Dataset entries
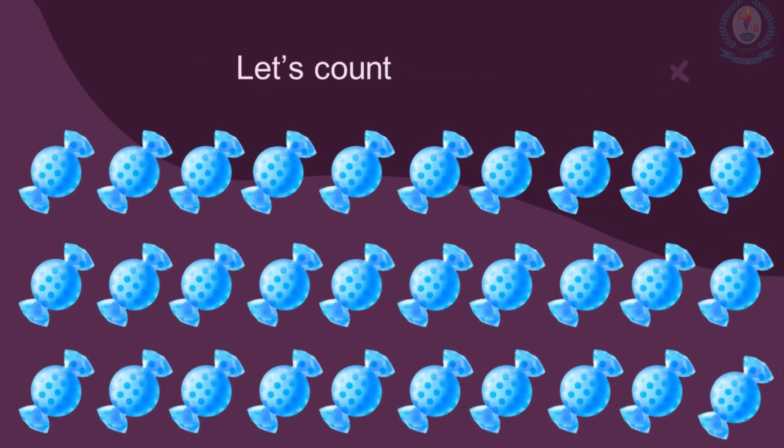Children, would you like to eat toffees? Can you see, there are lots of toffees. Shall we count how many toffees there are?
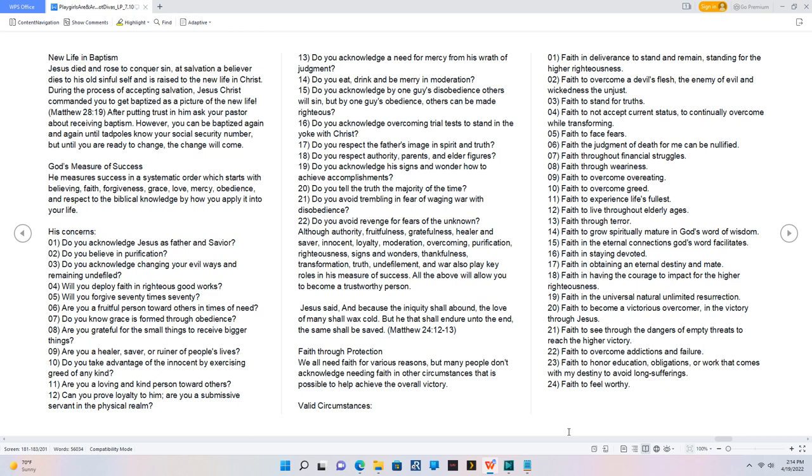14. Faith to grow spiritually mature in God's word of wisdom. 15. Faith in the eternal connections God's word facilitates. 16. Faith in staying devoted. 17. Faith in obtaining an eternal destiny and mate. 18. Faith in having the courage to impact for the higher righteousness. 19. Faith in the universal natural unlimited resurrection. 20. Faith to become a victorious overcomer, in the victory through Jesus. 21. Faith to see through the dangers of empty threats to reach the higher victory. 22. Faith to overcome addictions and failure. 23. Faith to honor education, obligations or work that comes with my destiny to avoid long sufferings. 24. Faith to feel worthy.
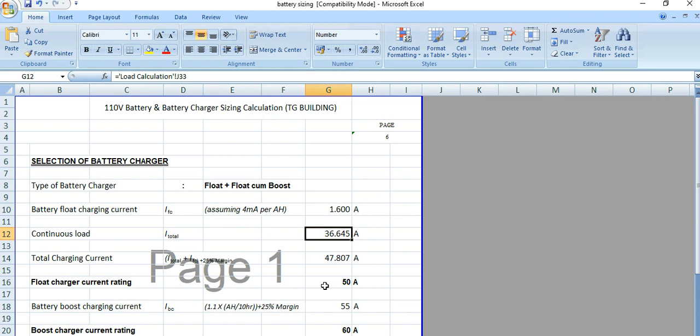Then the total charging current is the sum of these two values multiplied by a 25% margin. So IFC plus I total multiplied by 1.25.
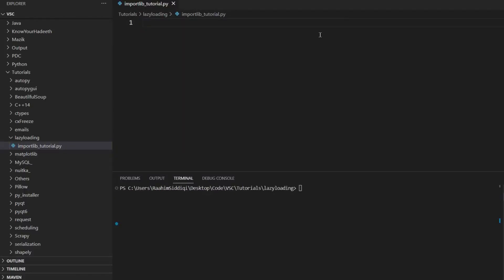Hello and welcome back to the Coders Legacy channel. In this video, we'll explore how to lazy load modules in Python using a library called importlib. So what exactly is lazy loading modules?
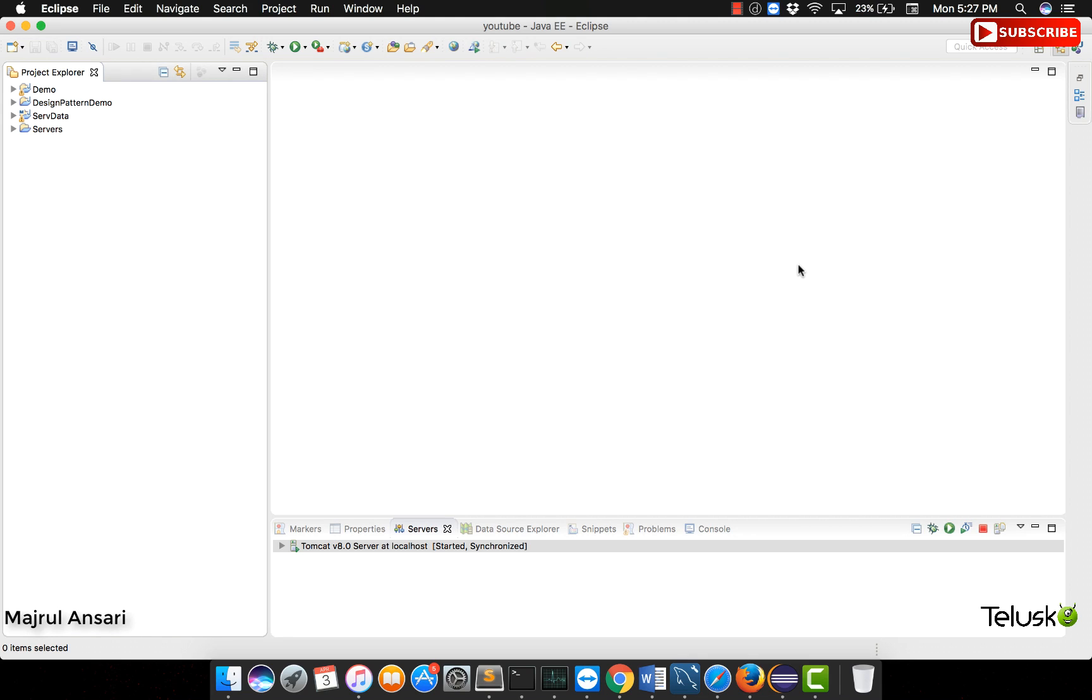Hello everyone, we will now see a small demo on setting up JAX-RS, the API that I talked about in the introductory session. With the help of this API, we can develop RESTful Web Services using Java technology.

[TASK DIRECTIONS] A word-for-word copy of all the records above is required, with the pictures left out.

[COMPLETED TASK]
Children, would you like to eat toffees? Can you see, there are lots of toffees. Shall we count how many toffees there are?
14. Faith to grow spiritually mature in God's word of wisdom. 15. Faith in the eternal connections God's word facilitates. 16. Faith in staying devoted. 17. Faith in obtaining an eternal destiny and mate. 18. Faith in having the courage to impact for the higher righteousness. 19. Faith in the universal natural unlimited resurrection. 20. Faith to become a victorious overcomer, in the victory through Jesus. 21. Faith to see through the dangers of empty threats to reach the higher victory. 22. Faith to overcome addictions and failure. 23. Faith to honor education, obligations or work that comes with my destiny to avoid long sufferings. 24. Faith to feel worthy.
Then the total charging current is the sum of these two values multiplied by a 25% margin. So IFC plus I total multiplied by 1.25.
Hello and welcome back to the Coders Legacy channel. In this video, we'll explore how to lazy load modules in Python using a library called importlib. So what exactly is lazy loading modules?
Hello everyone, we will now see a small demo on setting up JAX-RS, the API that I talked about in the introductory session. With the help of this API, we can develop RESTful Web Services using Java technology.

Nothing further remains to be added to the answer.